第68章 夢鄉

她斬釘截鐵:「有前車之鑑,我對你們的感情並不抱有任何祝福。將來你們結婚,也不要邀請我,我不會去。」

秦既明說:「媽。」

「我是你的媽,」何涵看著林月盈,良久,緩緩出口,「也永遠是月盈的媽。以後真要有什麼委屈,月盈,你直接來找我——就算你和既明最後做不了夫妻,我也永遠是你的媽媽。」

「記住,我不會祝福你們。」

……

歸程路上。

林月盈的頭枕在秦既明肩膀上,說不傷心完全是假的,誰都不希望自己的感情得不到父母的祝福。但這種失落持續的時間也不是太久,當秦既明停在昔日和秦爺爺一起居住的房子前時,林月盈重新打起精神,雙手扒著車窗,驚喜往外看:「呀!!!」

秦爺爺已經過世,老房子還是留了下來。秦自忠不愛來這邊,秦既明會帶著妹妹經常過來住一段時間——在他們倆感情還能維持在兄妹的這個平衡時。

車子開不進去,門口守衛早就換了一批人,新面孔很板正,說這是規定,不能破。

秦既明沒有勉強對方,將車子停在外面的停車場上,自己和妹妹步行,又折返回來,往裡走。

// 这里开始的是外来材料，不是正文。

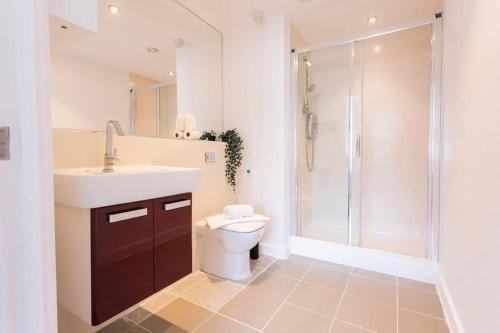 Koupelna v ubytování Central Cambourne Place Retreat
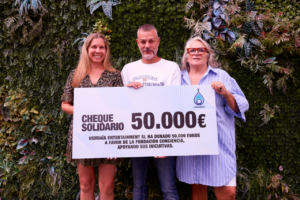 Yann Pissenem junto a Marisina Mar&iacute; y Alba Pau con el cheque solidario a Fundaci&oacute;n Conciencia (Ph press)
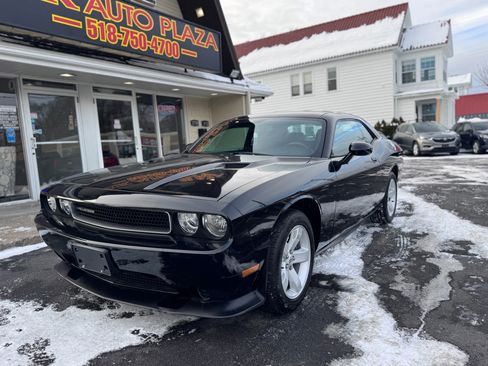 Used 2014 Dodge Challenger SXT image 3
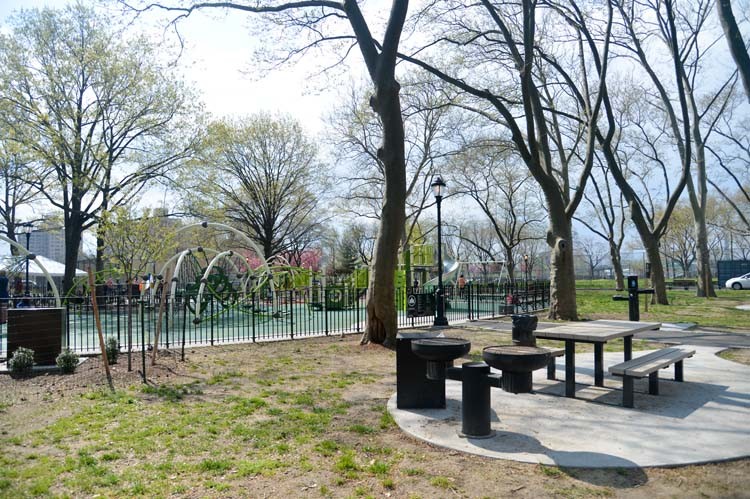 Photo Credit: NYC Parks / Daniel Avila seating area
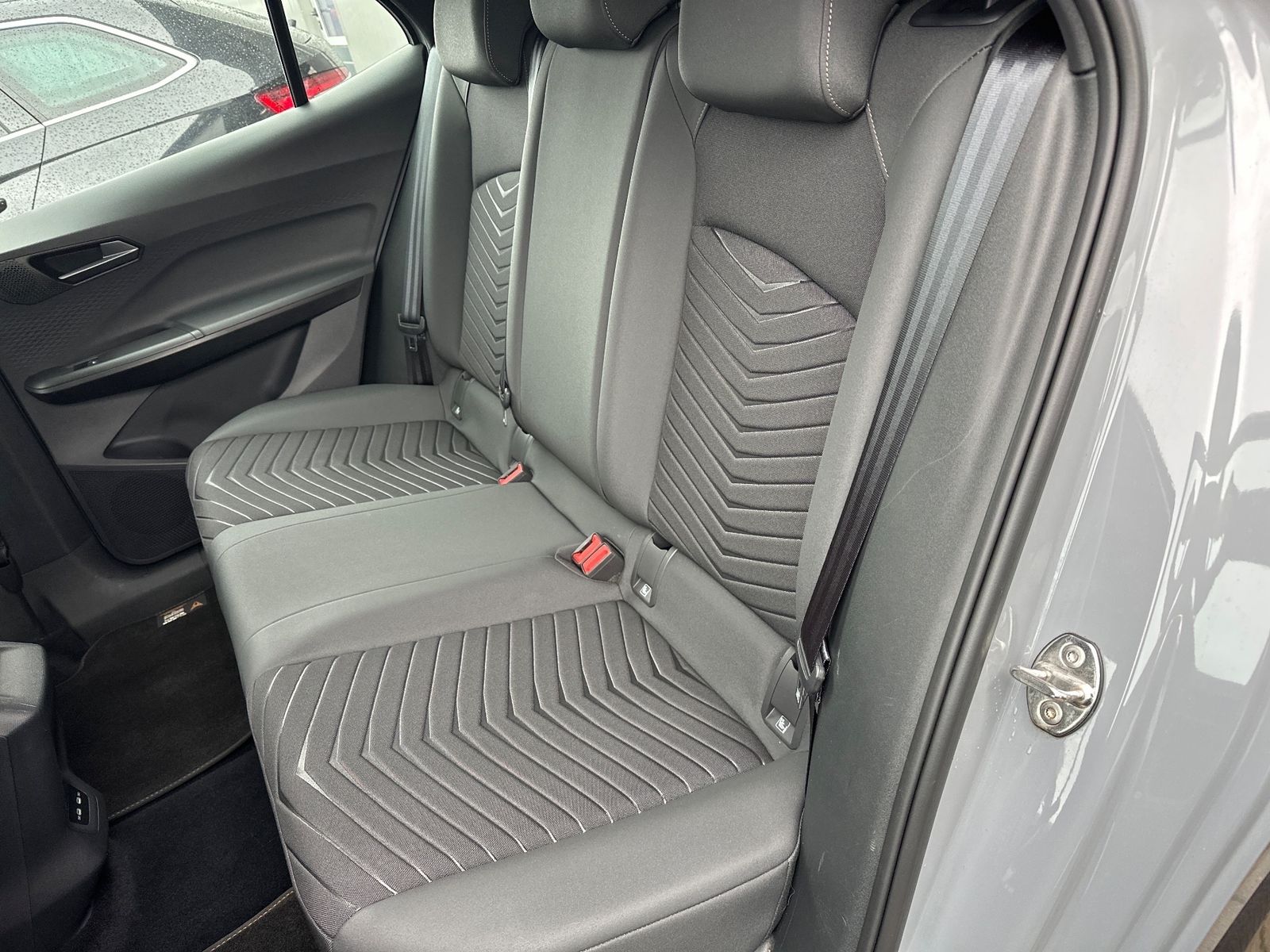Fahrzeugabbildung CUPRA Born 150kW/58kWh NAV+LED+18ZOLL+KEYLESS+DAB+1HD
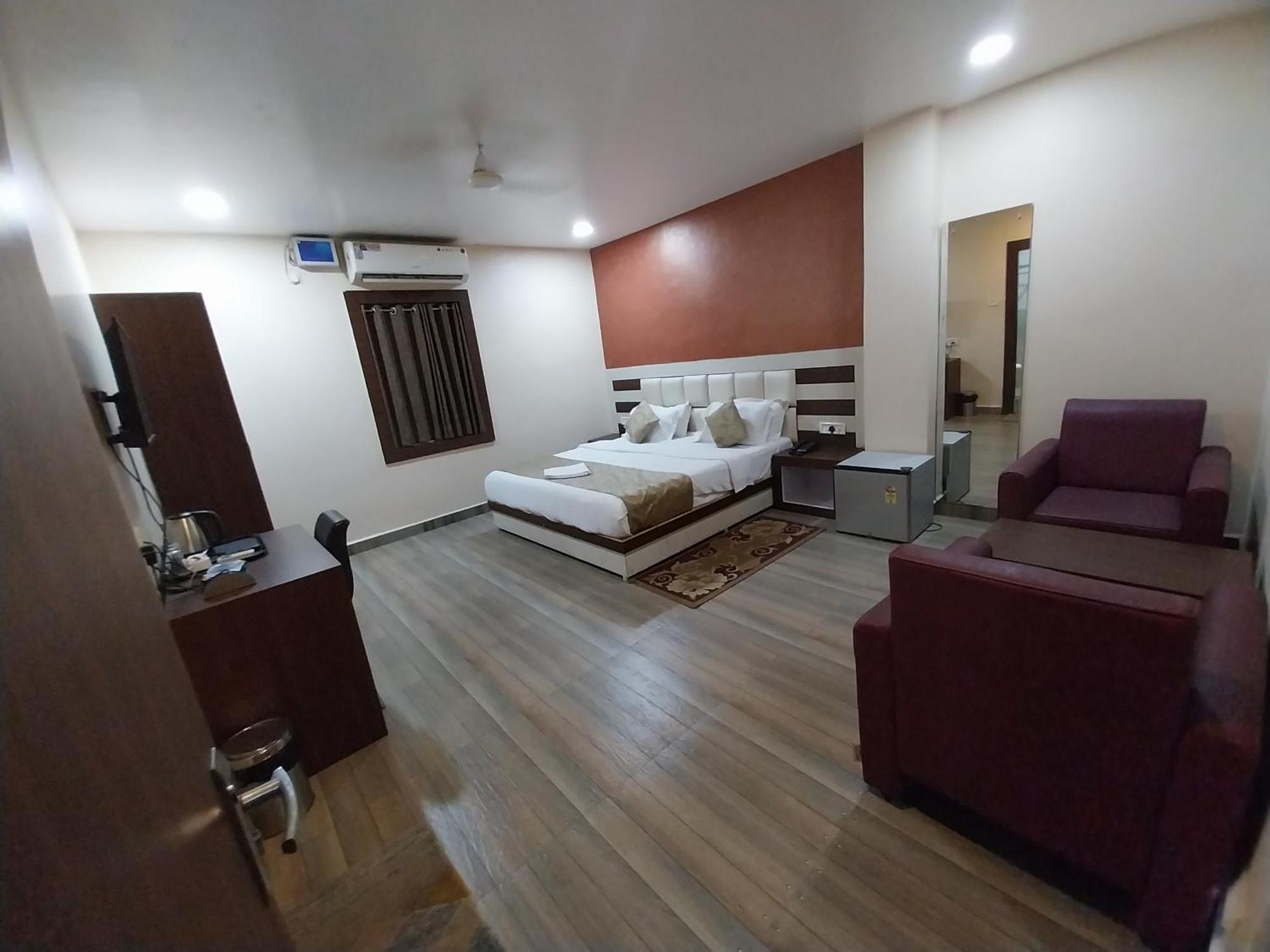 Hotel Paradise Convention Bhubaneswar Exterior foto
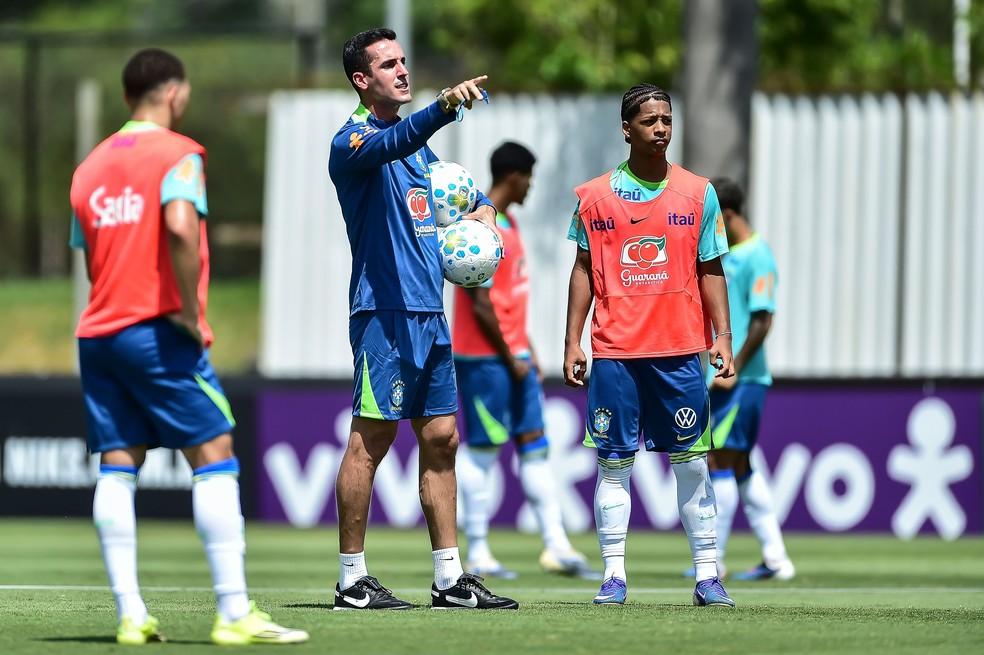 Técnico Paulo Victor em treino da seleção brasileira sub-20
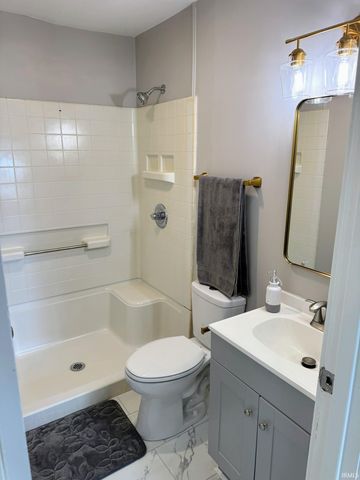 5814 N Fares Avenue, Evansville, IN 47711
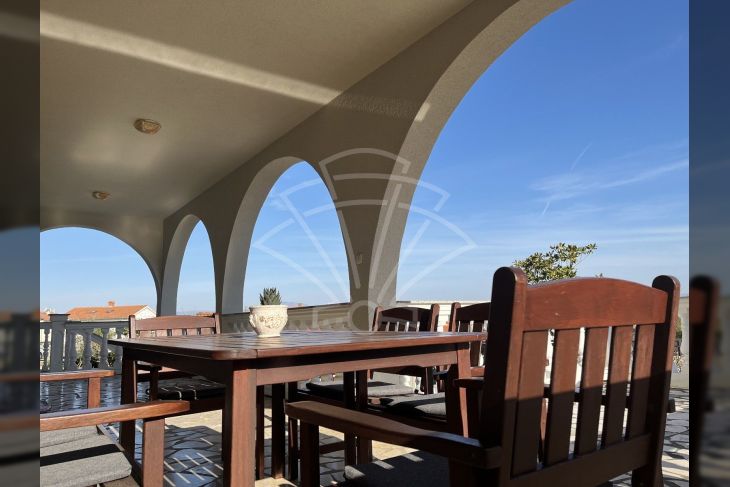 Apartmanska kuća, Prodaja, Malinska-dubašnica, Malinska Apartmanska kuća, Prodaja, Malinska-dubašnica, Malinska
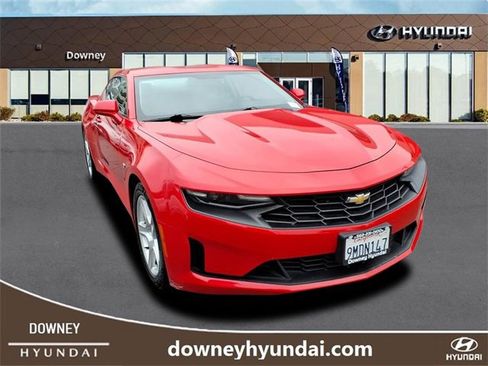 Used 2023 Chevrolet Camaro LT image 3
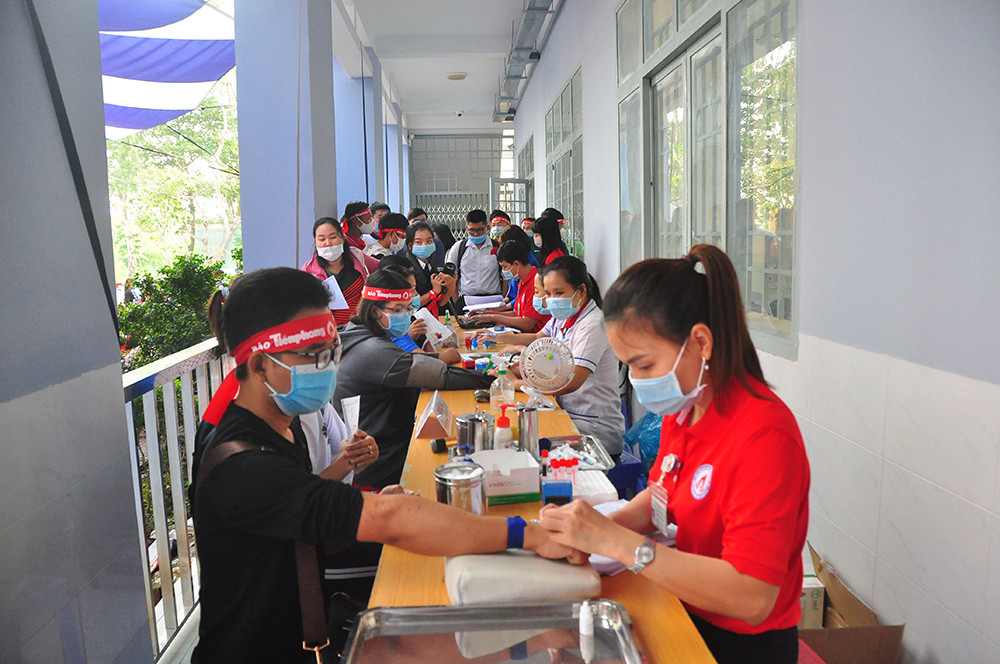 Hàng trăm bạn trẻ tham gia hiến máu tại trường ĐH Đồng Tháp ảnh 14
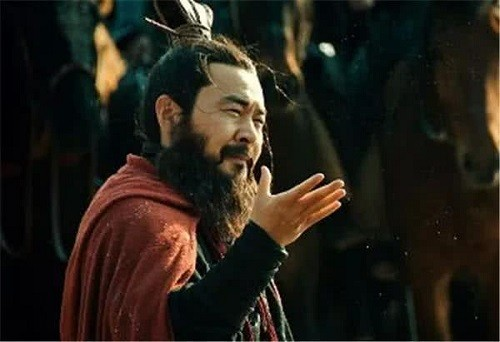 Qua đây có thể thấy, dù thế lực của Tào Tháo lúc bấy giờ đang rất to lớn, nhưng ông quyết không muốn làm "gian hùng" cướp Hán mà muốn là một "năng thần" luôn một lòng trung thành với vị vua trẻ.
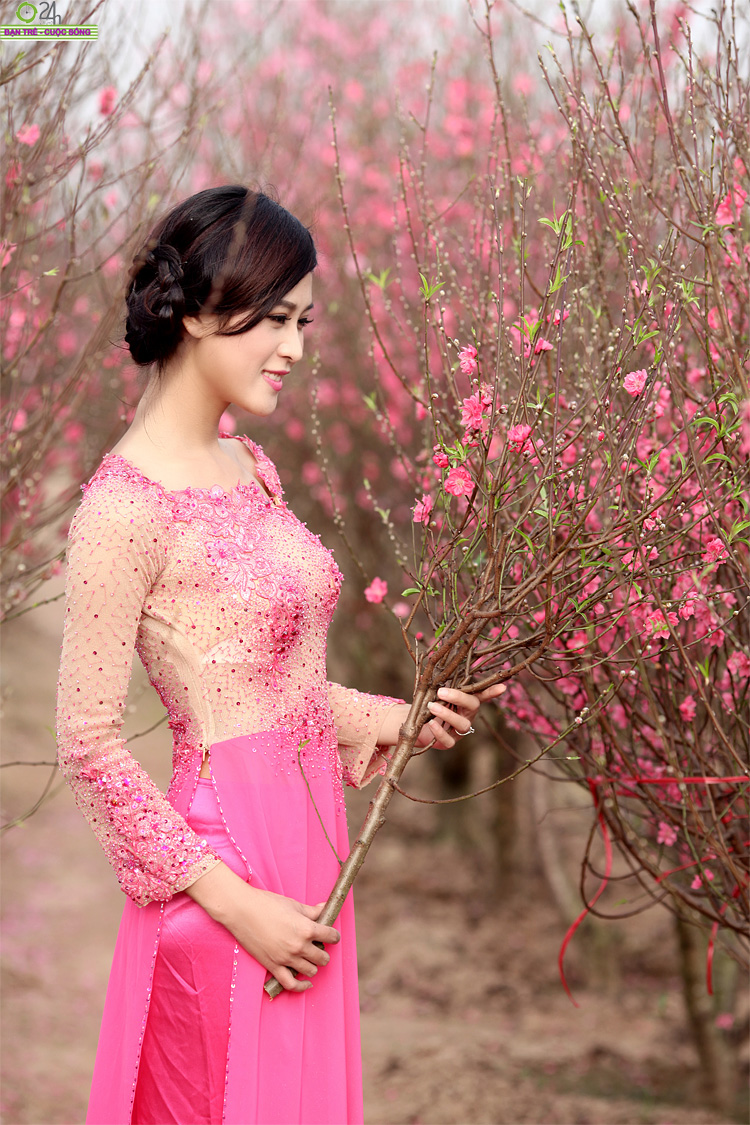 Tâm Tít khoe bờ vai trần gợi cảm

Bích Khanh quyến rũ như đóa hoa xuân
Hot girl Truyền hình dịu dàng du xuân
Miss Phương Đông khoe sắc trong gió xuân
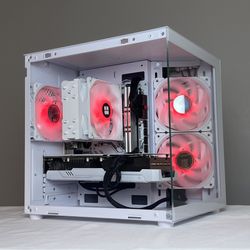 ALL WHITE CUSTOM GAMING PC 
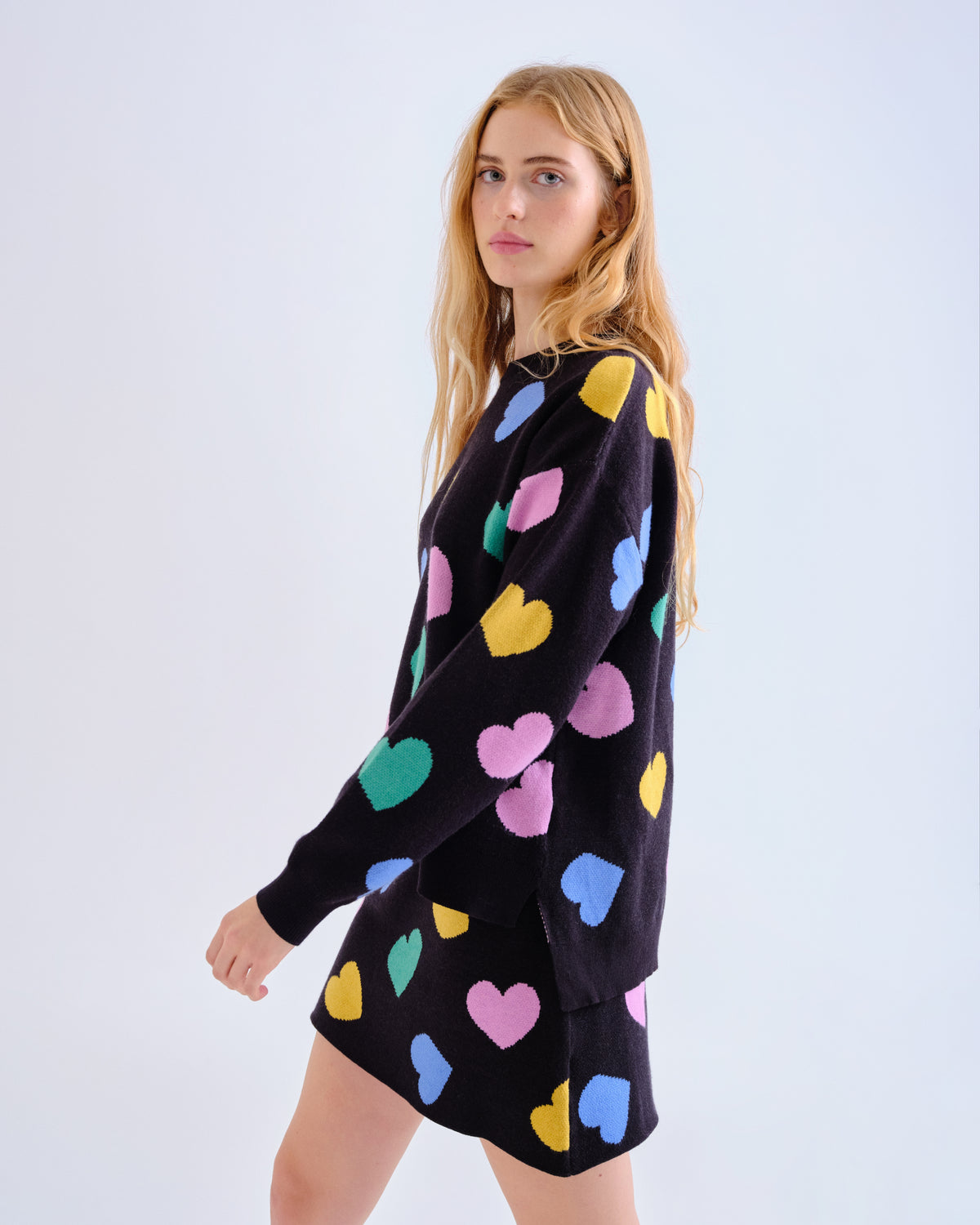 Jupe courte Candy à motifs multicolores, vue de trois quarts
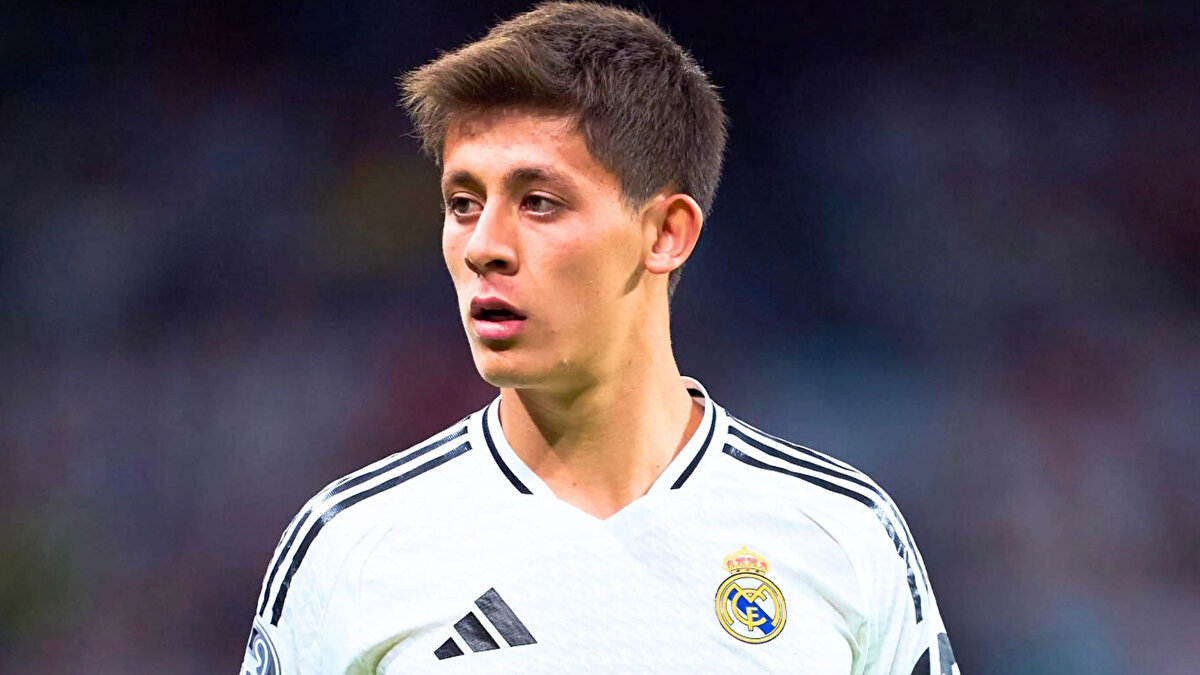 Arda Güler'in sözleşmesi 2029 yılına kadar devam ediyor. Son güncellemeyle birlikte piyasa değeri ise 60 milyon euroya yükseldi.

這是他和妹妹生活了近十年的地方,也是林月盈的童年和整個青春期所在。街邊的店還開著,阿姨照例賣一些小餛飩和麵,還認得這兄妹倆,樂呵呵地招手,問林月盈:「還是少放蔥花多放蝦皮,對不對?」

現在已經是深夜十點,林月盈和秦既明一人點了一碗小餛飩,林月盈晚餐吃得多,現在吃了不到五個就飽了。秦既明很少浪費糧食,和之前一樣,自然地接過妹妹的碗,低頭吃。

店裡沒有其他人了,阿姨熱情地和秦既明與林月盈聊,問林月盈現在上到大幾啦?將來還打算繼續往上考嗎?哥哥和妹妹感情真好,沒見過這麼大了還能這麼親密的,真好……

林月盈覺得餛飩都要沒那麼好吃了。

秦既明面色如常地回答著阿姨的問題,中間阿姨的小孫子跑過來,他還笑眯眯地和小孩聊了一陣。

吃完了小餛飩,十點鐘,秦既明去握妹妹的手,而林月盈則是反手牽住他的手腕,仰臉看兄長:「大家還是覺得我們是兄妹哎。」

秦既明說:「嗯。」

林月盈鬆開手,她很會調節自己的情緒,用力吸一口氣,自我安慰:「沒關係,畢竟我現在還在上大學,你也是,目前也要在這個城市工作……我們暫時不公開也好,能避免好多好多人講閒話。」

秦既明問:「你害怕人講閒話嗎?」

「不,」林月盈想了想,「我只是不想聽見那些人罵你。如果真要說的話……不是害怕,是厭惡。」

秦既明微微地笑開了,他說:「比如?」

「比如爸今天說的那些,」林月盈說,「我不喜歡聽人罵你——我是不是好護短啊秦既明?」

「是,」秦既明忍著笑,誇讚她,「是非常護短的林月盈。」

林月盈要為這一句誇讚跳起來,她步伐輕鬆,一腳踩碎地上一小片落葉。

秦既明說:「非常護短的林月盈,現在能不能告訴我,你瞞了我什麼?」

啪啦。

曬乾後的落葉被精準踩碎,林月盈的腳因反作用力而顫了顫,她沒有回頭,研究著路燈和月光交融的界限。

秦既明說:「你對秦自忠說,’還記得以前的事嗎’?是什麼事?不要和我說是清光姑姑的事情——他不會有這麼大的反應,更不會在你提到時忽然抬頭看我。」

林月盈不做聲。

「是什麼?」秦既明緩聲,「月盈,為什麼不想告訴我?是擔心,還是覺得……害怕?」

林月盈說:「擔心和害怕有區別嗎?」

「有,」秦既明說,「我很在意你的情緒。」

林月盈踩著地上路燈和植物的影子,沿著它們的陰暗面走。

「一個人消化這些情緒不舒服吧,」秦既明說,「或許我可以幫你。」

林月盈問:「怎麼幫?」

秦既明說:「陪你聊聊。」

天氣晴朗的夜晚,沒有云彩,只有圓圓的、白白的大月亮。

林月盈在前面走,秦既明胳膊上搭著她的外套,跟在她後面。

林月盈回頭,衝著哥哥嘆氣:「你總是講大道理,我不想聽你講道理。」

秦既明笑:「那我接下來不講道理,講情理。」

林月盈後退幾步,抱住他胳膊,仰臉:「什麼情理?」

秦既明說:「情理之中的我愛你。」